As a British overseas territory, Cayman celebrates its relationship with England in many ways. The Queen’s image is on the local currency, and the Union Jack is on the upper left corner of the Islands’ flag. Arguably, however, one of the most enjoyable ways to pay tribute to Cayman’s colonial roots is to treat yourself to afternoon tea.
Many equate tea with Britain’s history; however, the tradition of afternoon tea was established not all that long ago. Anna, the seventh Duchess of Bedford, is credited with creating the tradition in 1840. During the 19th century, most British aristocratic families would eat two meals a day: one midmorning and the other late in the evening. This led them to grow hungry in the afternoon, so tea with pastries, scones and sandwiches was requested to hold them over until dinner.
Note that afternoon tea is not the same as high tea. High tea was the term used to describe the last meal of the day for British working-class families. Today many call this dinner or supper.
A Royal Affair
Those who want to feel like royalty are encouraged to experience Afternoon Tea at The Ritz-Carlton, Grand Cayman. Guests are treated to a sophisticated experience, accompanied by an extensive tea selection by Palais des Thés, delectable finger sandwiches and whimsical pastries. Mario Spirto, director of food and beverage at The Ritz-Carlton, Grand Cayman, shares, “Silver Palm’s traditional English afternoon tea inspires a dining experience fit for royalty. It is truly a unique and memorable way to celebrate a special occasion.”
Spirto adds, “Our youngest guests are welcomed with their own afternoon tea setting complete with tiny teacups and decorated pastries.”
Afternoon Tea is available daily (in season) with seatings between 2 and 4 p.m. Reservations must be made 24 hours in advance by calling 345-815-6912. Afternoon Tea starts at CI$48 per person, and Kid’s Tea starts at CI$20 per child.
Mad for Tea
For a traditional experience rounded out with modern updates, look no further than the Mad Tea Party, taking place every Saturday from 1:30 to 4:30 p.m. at the Grand Cayman Marriott Beach Resort. “The Mad Tea Party celebrates art, literature, music and all things delicious,” states Lee Parry, director of food and beverage at the Marriott. “Inspired by the Mad Hatter Tea Party from Alice in Wonderland, it is not your average cup of tea!”

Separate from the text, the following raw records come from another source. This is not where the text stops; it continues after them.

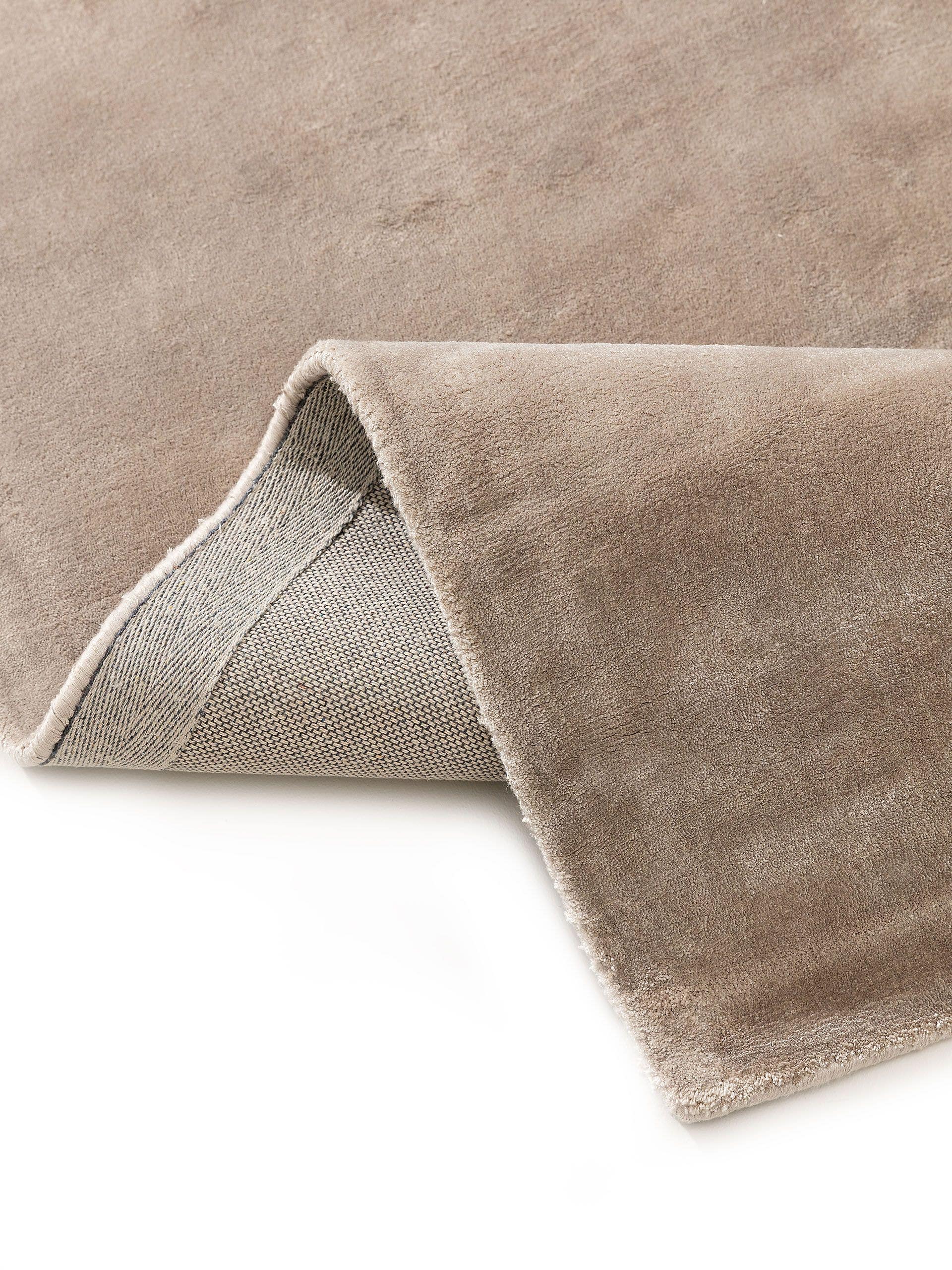 Rug made of 100% Viscose in Taupe with a 6 - 10 mm high pile by benuta Pure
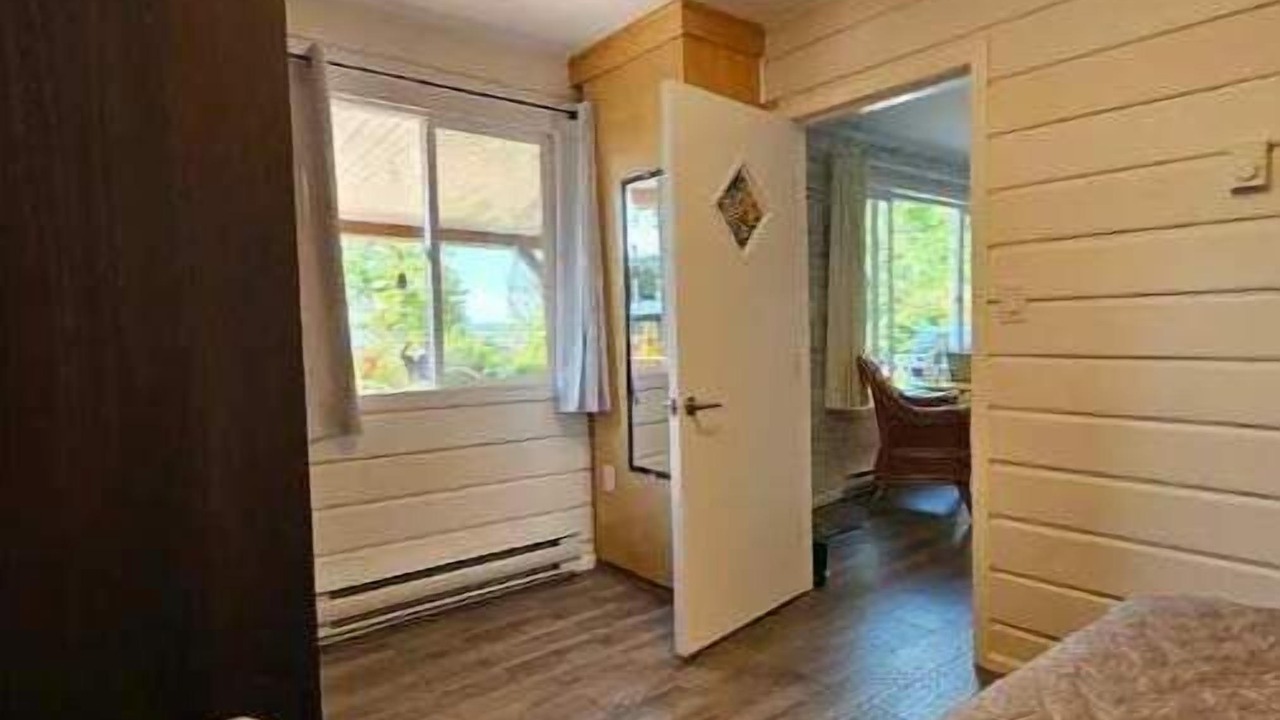 Photo of Bedroom in Chemainus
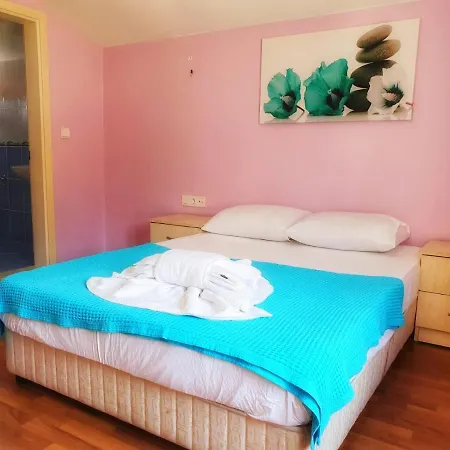 Huzur Villa , 4 Yatak Odali , 8 Kisilik , Muestakil Villa, Oezel Havuzlu Villa *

The Marriott’s tea features creative tea blends designed by the experts at Teatime in Cayman. “Our aim is to surprise you with a decadent display of cool cakes and ever-changing ‘Drink Me’ potions in addition to the high tea classics,” continues Parry. The food offerings change weekly but include a combination of tea sandwiches, scones and homemade cakes. To make a reservation, book online via opentable.com by searching for Anchor & Den. Cost is CI$30; CI$35 with a glass of Champagne.
A hidden secret amongst Cayman locals is the Tea Room at Every Blooming Thing, which offers afternoon tea Monday through Saturday from 10 a.m. to 5 p.m., and Sundays from 11 a.m. to 3 p.m. This a la carte tea is an understated gem. Guests order sandwiches, soup, salad, quiche or scones to satisfy their appetite whilst surrounded by beautiful vegetation from the store and nursery. Tea alone is CI$4 and sandwiches start at CI$7.